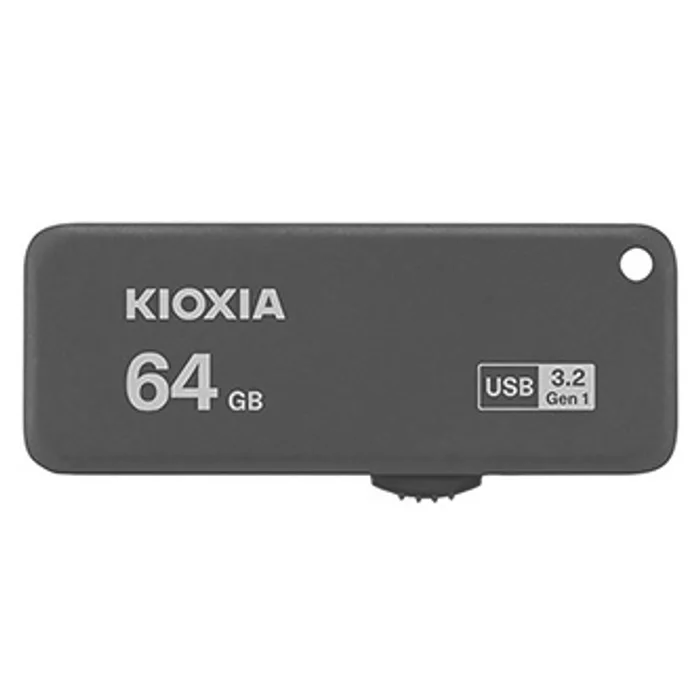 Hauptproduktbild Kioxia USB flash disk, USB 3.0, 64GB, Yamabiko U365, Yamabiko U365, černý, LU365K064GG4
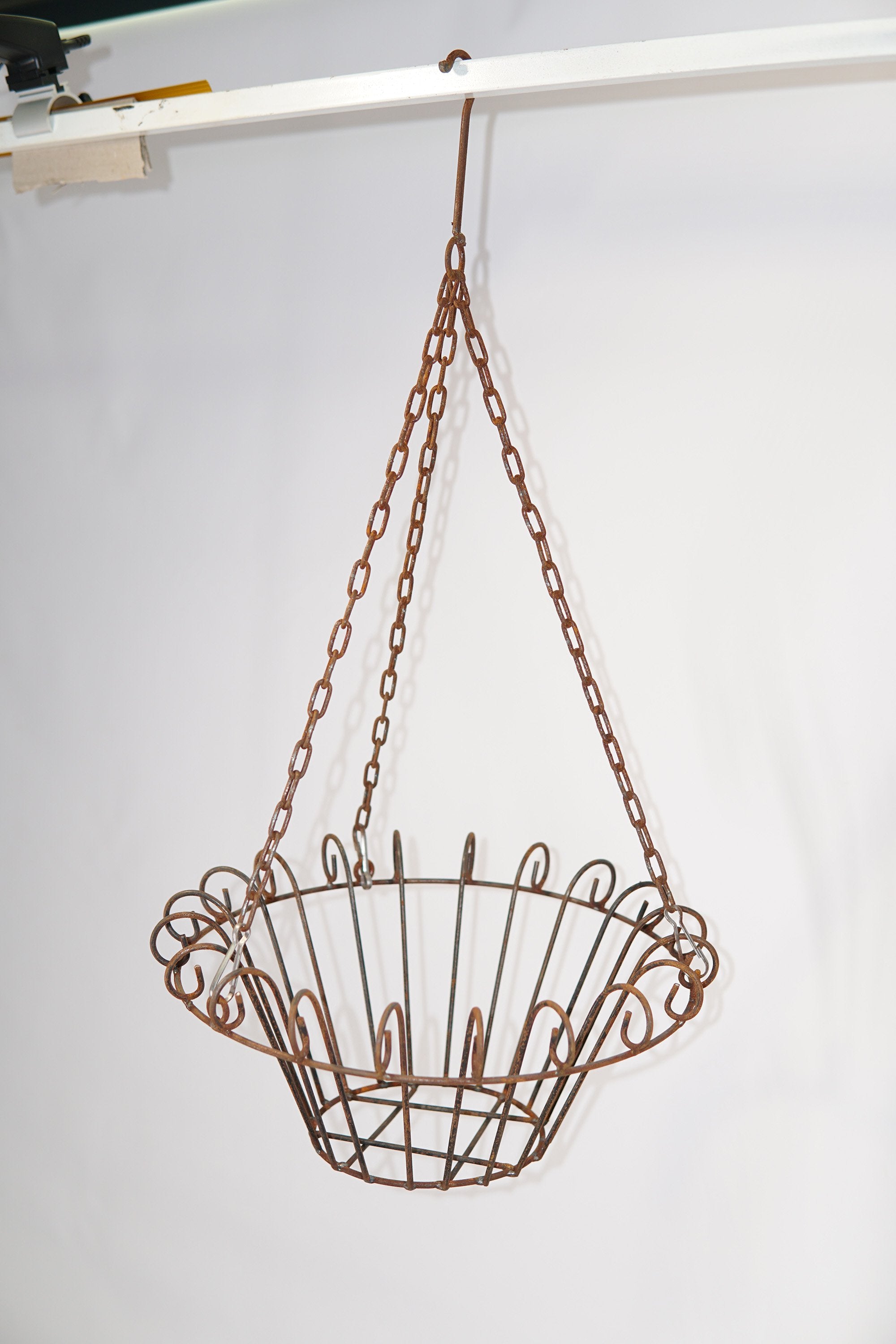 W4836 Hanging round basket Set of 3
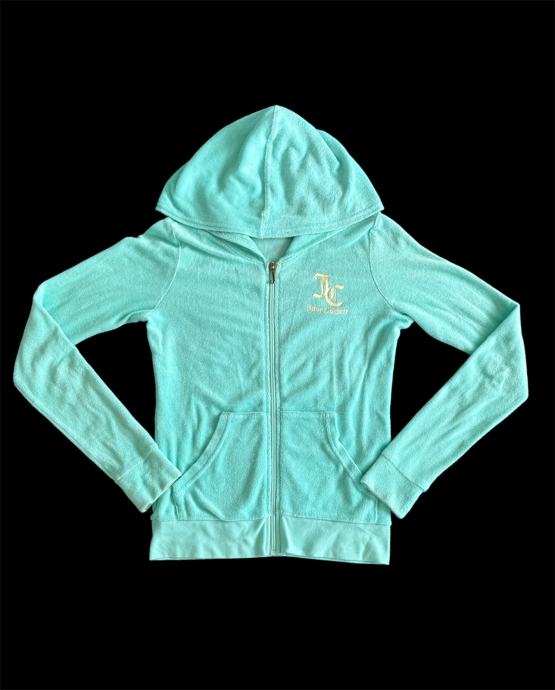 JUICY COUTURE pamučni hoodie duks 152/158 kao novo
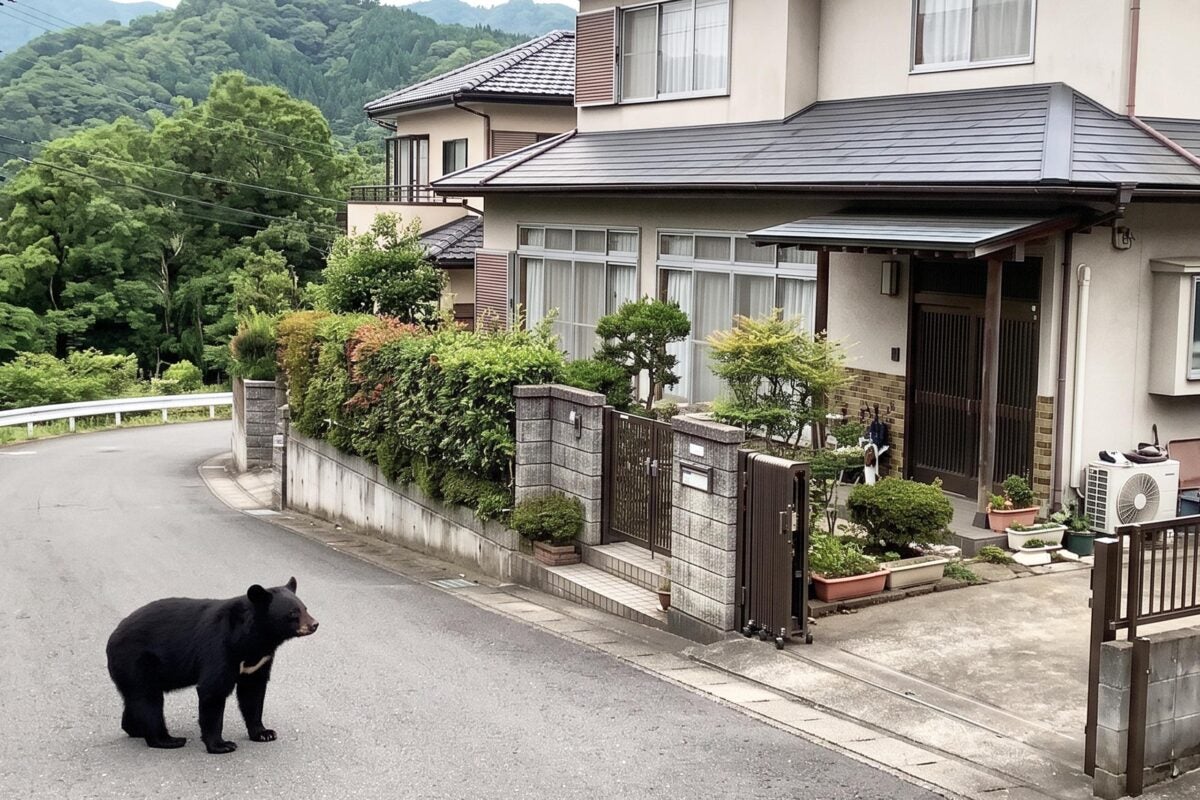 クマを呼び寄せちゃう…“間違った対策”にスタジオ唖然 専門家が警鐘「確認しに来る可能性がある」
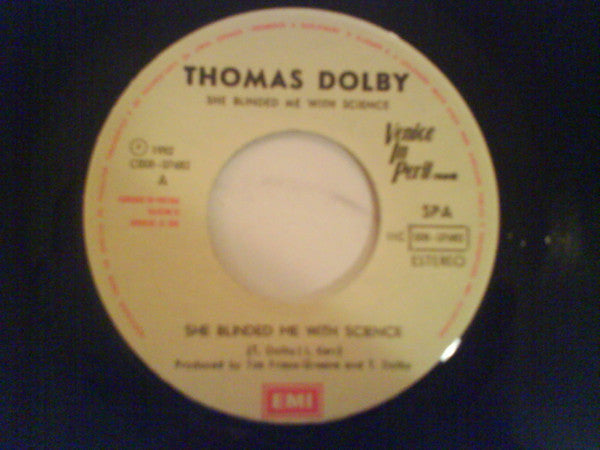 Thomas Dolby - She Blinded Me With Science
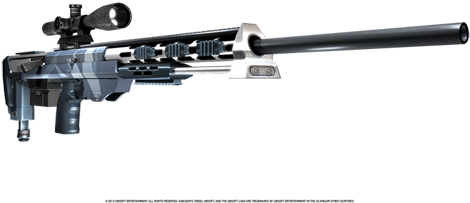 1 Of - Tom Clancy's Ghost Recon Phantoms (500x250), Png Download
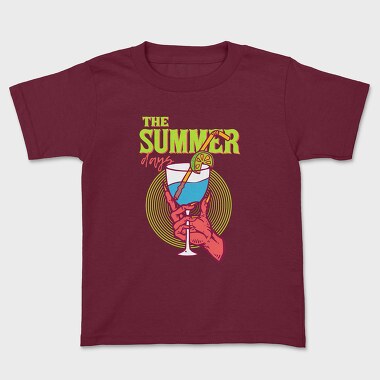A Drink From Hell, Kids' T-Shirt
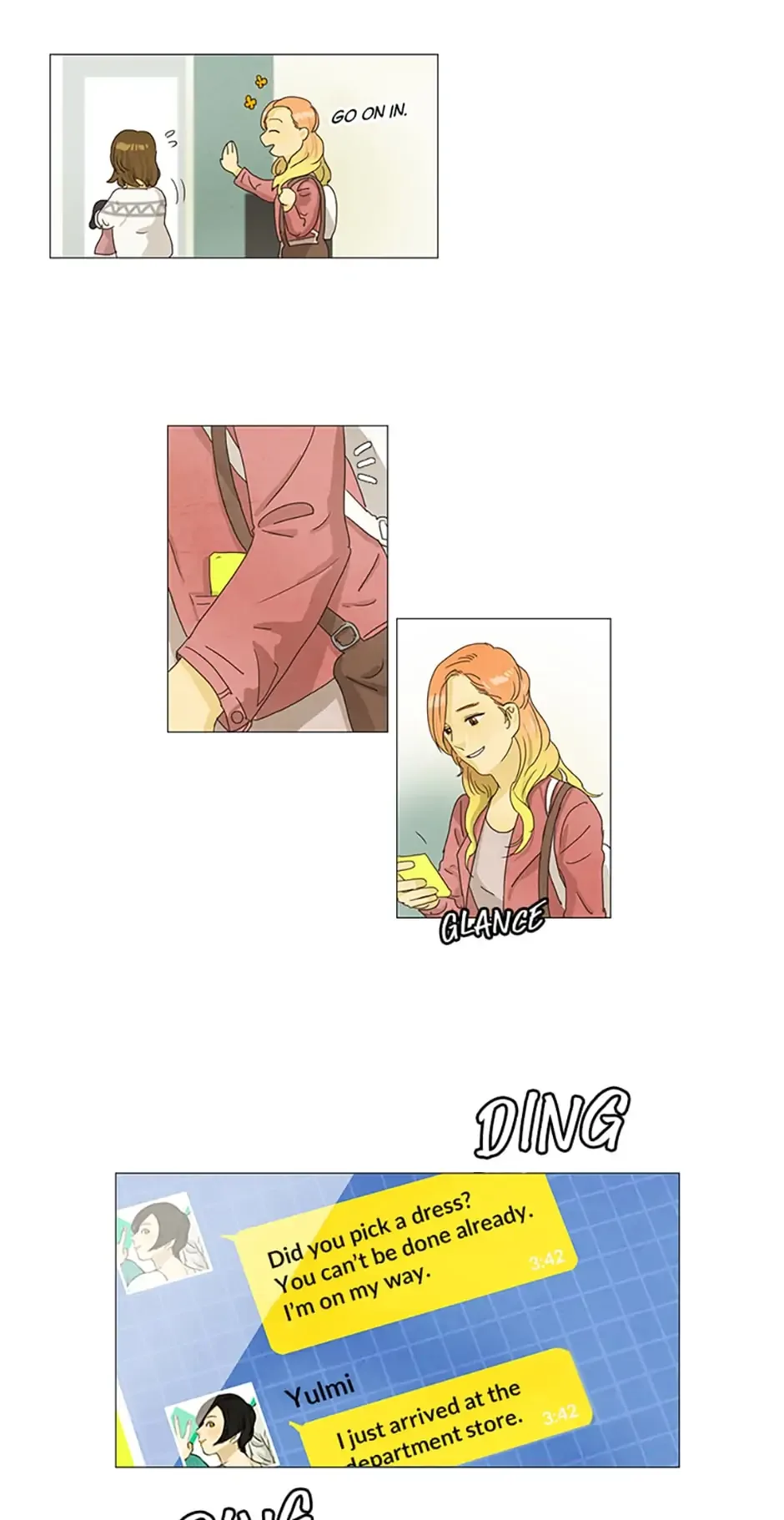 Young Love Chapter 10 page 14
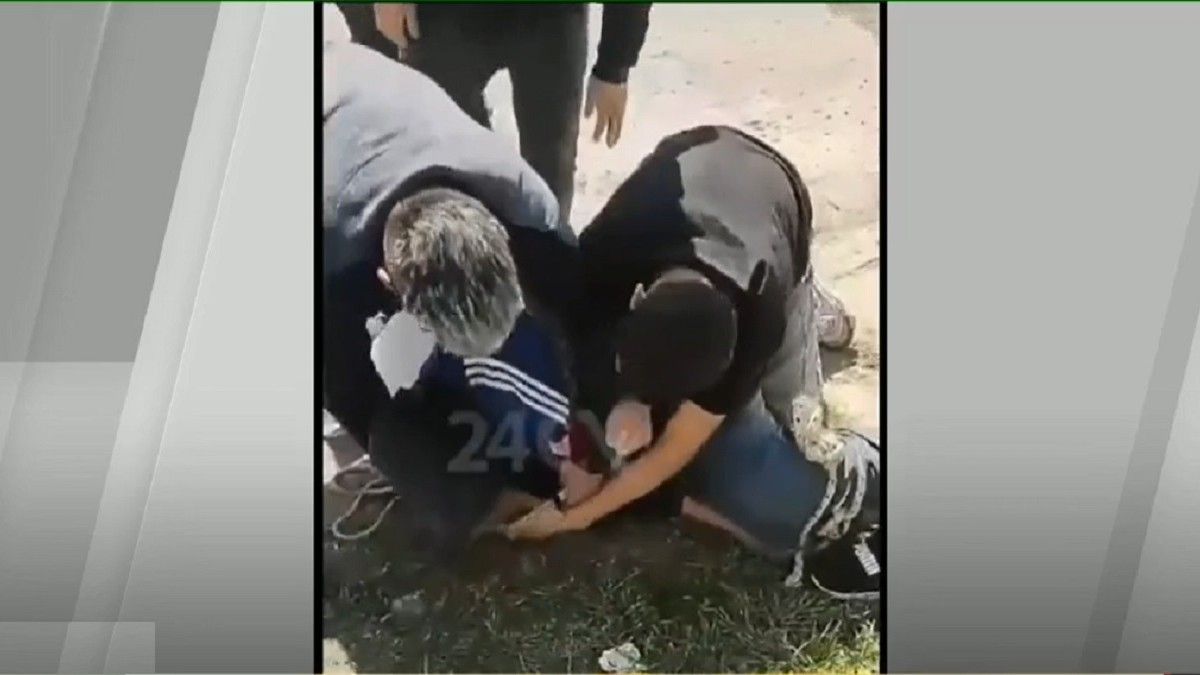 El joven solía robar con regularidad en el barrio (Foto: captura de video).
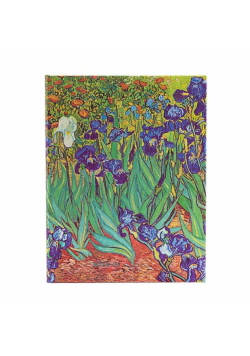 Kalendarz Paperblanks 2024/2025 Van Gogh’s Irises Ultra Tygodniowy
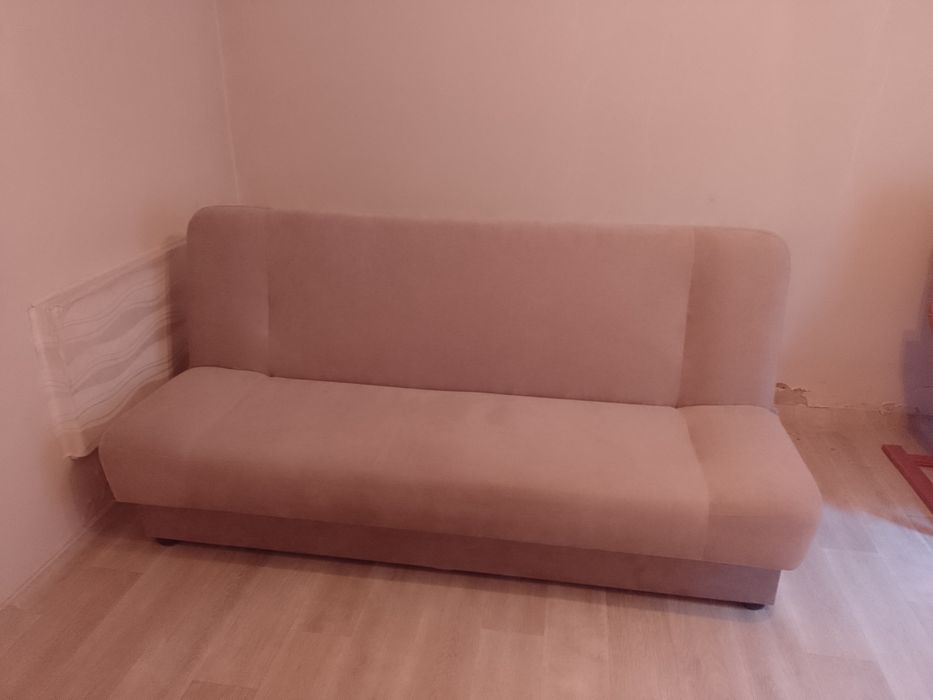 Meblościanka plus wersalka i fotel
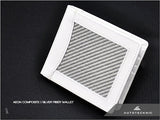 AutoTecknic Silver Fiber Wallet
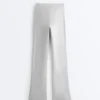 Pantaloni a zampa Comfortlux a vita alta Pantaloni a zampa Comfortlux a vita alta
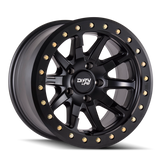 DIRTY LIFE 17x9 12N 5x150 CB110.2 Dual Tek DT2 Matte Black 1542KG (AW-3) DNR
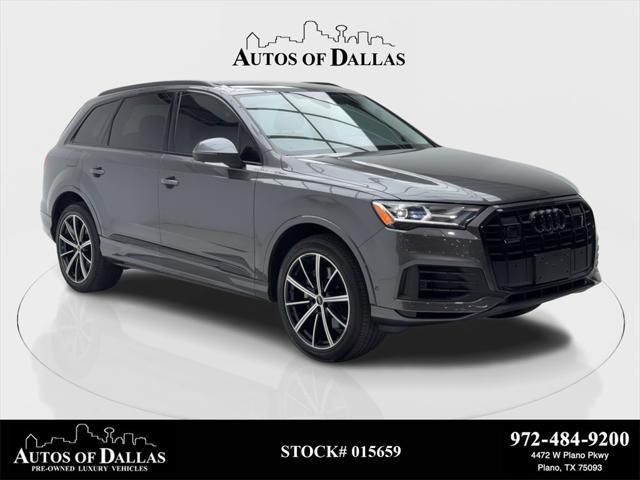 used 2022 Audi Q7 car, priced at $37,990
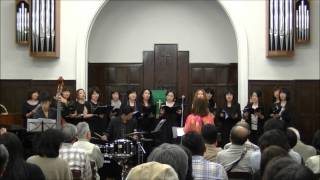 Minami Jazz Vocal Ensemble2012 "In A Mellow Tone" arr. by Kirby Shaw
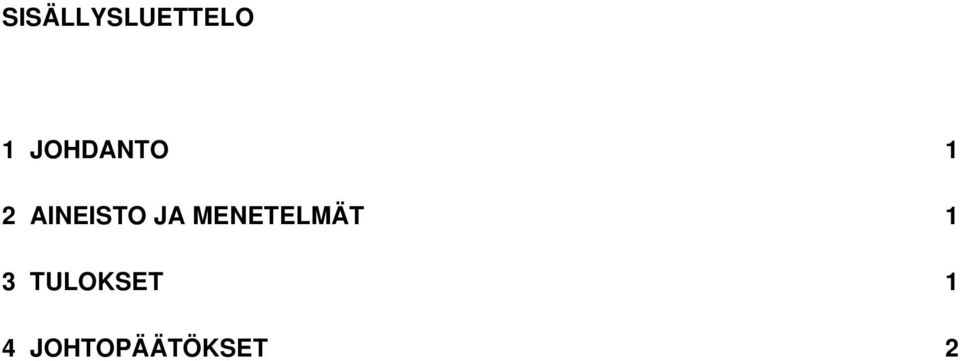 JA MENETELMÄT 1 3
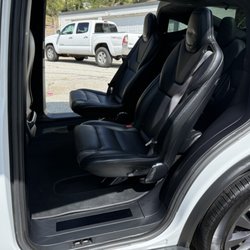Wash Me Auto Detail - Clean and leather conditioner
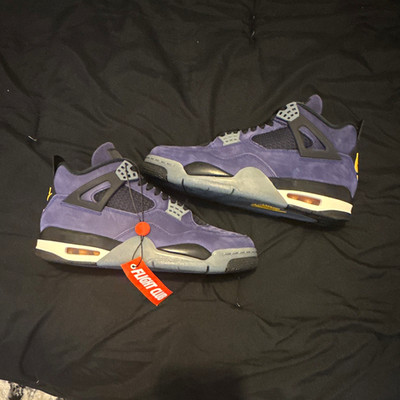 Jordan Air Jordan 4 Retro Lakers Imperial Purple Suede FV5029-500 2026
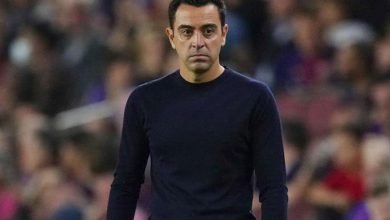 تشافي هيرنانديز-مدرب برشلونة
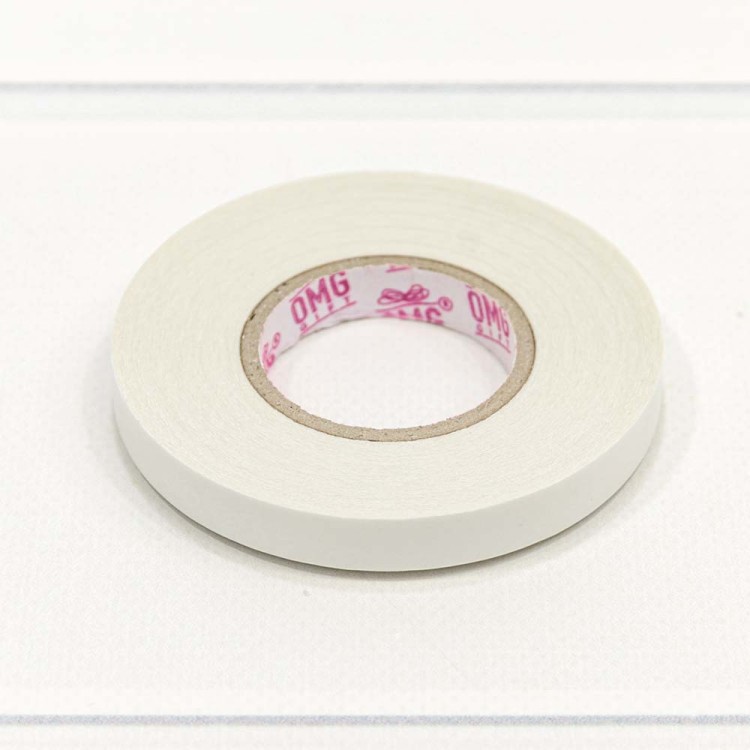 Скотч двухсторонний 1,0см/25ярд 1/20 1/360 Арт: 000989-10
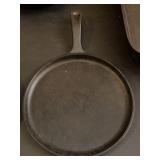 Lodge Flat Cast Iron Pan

______________________________

Would you print exactly the lines in the listing above, from the line bearing "JUICY COUTURE pamučni" through the line bearing "El joven solía", leaving out all pictures?

 JUICY COUTURE pamučni hoodie duks 152/158 kao novo
 クマを呼び寄せちゃう…“間違った対策”にスタジオ唖然 専門家が警鐘「確認しに来る可能性がある」
 Thomas Dolby - She Blinded Me With Science
 1 Of - Tom Clancy's Ghost Recon Phantoms (500x250), Png Download
A Drink From Hell, Kids' T-Shirt
 Young Love Chapter 10 page 14
 El joven solía robar con regularidad en el barrio (Foto: captura de video).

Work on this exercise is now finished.